Ortaçağ Fransız yazarı Christine de Pizan (1365-1430) ki, günümüzde avant la lettre feminist olarak kabul edilmektedir. Pizan, toplumsal çevresindeki erkeklerin kadın düşmanlığını kıyasıya eleştirmiştir.

1400 yılında kadınları destekleyen bir tarikatın ütopik kuruluşunu anlatan Le Dit de la rose (Gülün Dediği) adlı eserini yazan Pizan yine aynı yıl kadın eğitimini konu ettiği Le Livre des trois vertus (Üç Erdemin Kitabı) adlı araştırmasını yayınlamıştır.

İngiliz kadın filozof Mary Astell (1666-1731) kadının doğası, mantığı ve ruhuna dair sorunlarla uğraşmıştır.

Zorunlu evlilikleri eleştiren Astell kadına baskının yasallığı hakkında tartışmalara neden olmuştur.

Yine İngiliz kadın yazar Mary Wollstonecraft (1759-1797), iyi bir okul eğitimi alabilmek hususunda hayatı boyunca engellerle karşılaşmıştır.

Bu nedenle kadınların eşit eğitim hakkı onun hayattaki en büyük hedefi olmuştur. En ünlü eseri Kadın Haklarının Gerekçelendirilmesi/Müdafaası (A vindication of the rights of woman) isimli kitabıdır. 

İngiliz John Stuart Mill, liberalizmin temsilcilerinden biri sayılmaktadır. Onun kadınların toplumdaki durumuna ilişkin görüşleri liberal feminizm olarak tanımlanabilir. 
 

Simone de Beauvoir, 20. yüzyıl kadınların öncü düşünür ve esin kaynağı.jpg
Simone de Beauvoir, 20'nci yüzyıl kadınların öncü düşünür ve esin kaynağı

 

Fransız yazar ve filozof Simone de Beauvoir (1908-1986) modern feminizmin teorik temellerini atan bir düşünürdür.

Cinsiyet kavramının anlamını araştırmış; ataerkil toplumda kadına uygulanan baskıyı göstermiş; feminizm teorisinin temel amacı olan cinsiyetler arasındaki eşitliği ve hak eşitliğini ortaya koymuştur.

ABD'li filozof Judith Butler (24 Şubat 1956) dekonstruktif (yapıbozumcu) feminizmin ana temsilcisidir.

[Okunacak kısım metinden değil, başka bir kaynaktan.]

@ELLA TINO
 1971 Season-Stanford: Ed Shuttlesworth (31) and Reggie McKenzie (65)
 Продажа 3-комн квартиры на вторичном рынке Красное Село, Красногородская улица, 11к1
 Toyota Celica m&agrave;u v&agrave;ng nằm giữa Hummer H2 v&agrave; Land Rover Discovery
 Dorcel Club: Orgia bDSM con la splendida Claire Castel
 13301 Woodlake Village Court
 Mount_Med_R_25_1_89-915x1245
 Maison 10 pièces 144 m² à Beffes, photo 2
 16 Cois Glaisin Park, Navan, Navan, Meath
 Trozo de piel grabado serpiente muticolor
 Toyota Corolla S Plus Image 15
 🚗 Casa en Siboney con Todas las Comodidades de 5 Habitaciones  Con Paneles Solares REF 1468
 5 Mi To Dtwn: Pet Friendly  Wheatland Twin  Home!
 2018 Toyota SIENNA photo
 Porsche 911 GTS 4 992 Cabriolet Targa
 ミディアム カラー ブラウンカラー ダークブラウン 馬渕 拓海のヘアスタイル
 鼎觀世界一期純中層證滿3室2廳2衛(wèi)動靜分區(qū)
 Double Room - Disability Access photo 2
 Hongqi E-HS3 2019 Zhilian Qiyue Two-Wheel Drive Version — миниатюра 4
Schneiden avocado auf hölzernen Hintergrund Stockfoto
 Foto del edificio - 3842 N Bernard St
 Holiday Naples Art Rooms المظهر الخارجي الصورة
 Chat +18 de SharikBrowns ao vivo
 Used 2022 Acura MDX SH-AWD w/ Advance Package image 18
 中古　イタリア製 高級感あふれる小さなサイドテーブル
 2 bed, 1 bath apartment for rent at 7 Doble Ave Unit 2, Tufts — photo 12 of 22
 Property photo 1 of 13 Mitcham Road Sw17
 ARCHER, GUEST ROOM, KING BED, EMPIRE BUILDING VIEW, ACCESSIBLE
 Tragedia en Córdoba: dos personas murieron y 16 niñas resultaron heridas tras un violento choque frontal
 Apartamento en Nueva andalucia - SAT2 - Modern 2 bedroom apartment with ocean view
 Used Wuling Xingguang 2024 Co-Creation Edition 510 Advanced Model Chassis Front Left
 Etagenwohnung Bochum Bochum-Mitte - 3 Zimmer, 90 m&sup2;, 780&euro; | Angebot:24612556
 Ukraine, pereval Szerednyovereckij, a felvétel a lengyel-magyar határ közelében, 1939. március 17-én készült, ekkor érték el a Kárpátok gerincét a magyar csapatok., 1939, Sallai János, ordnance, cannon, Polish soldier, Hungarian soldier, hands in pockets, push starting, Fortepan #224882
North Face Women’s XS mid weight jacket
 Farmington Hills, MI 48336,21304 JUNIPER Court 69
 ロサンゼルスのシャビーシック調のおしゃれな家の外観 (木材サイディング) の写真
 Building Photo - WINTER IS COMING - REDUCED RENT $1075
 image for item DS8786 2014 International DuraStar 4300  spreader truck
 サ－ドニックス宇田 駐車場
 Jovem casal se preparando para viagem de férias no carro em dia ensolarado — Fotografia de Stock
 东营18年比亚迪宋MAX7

Daha çok Queer (Kuir) Teorisi (1990'lı yılların başında toplumsal cinsiyet çalışmaları alanında ortaya çıkan Kuir çalışmalarını kapsayan eleştirel kuramlar literatürü) ile tanınmaktadır. 

Bulgar Filozof Julia Kristeva (d.1941) 70'li yıllar öncesi ataerkil toplumdaki kadın kimliğini sorunsallaştırmıştır.

İlk dalga kadın hareketleri genel seçim hakkının kısmi yürürlüğe girmesinden sonra durulmuş ancak 1960'lı yılların sonunda tekrar canlanarak ikinci dalgayı başlatmıştır.

Ataerkil (pederşahi, erkek egemen) ilişkiler üzerine artan kuramsallaştırma ve bilimselleştirme çalışmaları feminist felsefenin ortaya çıkmasını sağlamıştır.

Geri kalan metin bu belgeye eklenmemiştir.